Activity:
Give back exactly the line that contains "High Mileage HML621VB" and all the lines after it in the records below, to the very last, with no other output.

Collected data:
──────────────────────────────
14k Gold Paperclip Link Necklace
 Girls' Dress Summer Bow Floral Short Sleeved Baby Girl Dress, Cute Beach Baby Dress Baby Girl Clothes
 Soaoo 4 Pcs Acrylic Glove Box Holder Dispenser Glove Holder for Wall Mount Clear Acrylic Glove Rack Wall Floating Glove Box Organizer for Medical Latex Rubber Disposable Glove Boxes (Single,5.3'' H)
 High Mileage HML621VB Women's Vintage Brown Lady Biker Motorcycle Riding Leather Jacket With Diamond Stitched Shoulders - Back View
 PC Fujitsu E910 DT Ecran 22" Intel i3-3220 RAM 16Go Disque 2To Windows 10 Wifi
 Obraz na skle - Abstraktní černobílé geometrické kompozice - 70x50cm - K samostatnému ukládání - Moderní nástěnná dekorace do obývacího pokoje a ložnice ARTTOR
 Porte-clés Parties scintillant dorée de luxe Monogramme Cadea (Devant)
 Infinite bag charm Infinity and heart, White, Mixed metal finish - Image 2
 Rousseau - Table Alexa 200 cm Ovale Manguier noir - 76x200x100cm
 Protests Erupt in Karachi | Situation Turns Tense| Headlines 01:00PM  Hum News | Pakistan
──────────────────────────────
Solution to this problem:
 High Mileage HML621VB Women's Vintage Brown Lady Biker Motorcycle Riding Leather Jacket With Diamond Stitched Shoulders - Back View
 PC Fujitsu E910 DT Ecran 22" Intel i3-3220 RAM 16Go Disque 2To Windows 10 Wifi
 Obraz na skle - Abstraktní černobílé geometrické kompozice - 70x50cm - K samostatnému ukládání - Moderní nástěnná dekorace do obývacího pokoje a ložnice ARTTOR
 Porte-clés Parties scintillant dorée de luxe Monogramme Cadea (Devant)
 Infinite bag charm Infinity and heart, White, Mixed metal finish - Image 2
 Rousseau - Table Alexa 200 cm Ovale Manguier noir - 76x200x100cm
 Protests Erupt in Karachi | Situation Turns Tense| Headlines 01:00PM  Hum News | Pakistan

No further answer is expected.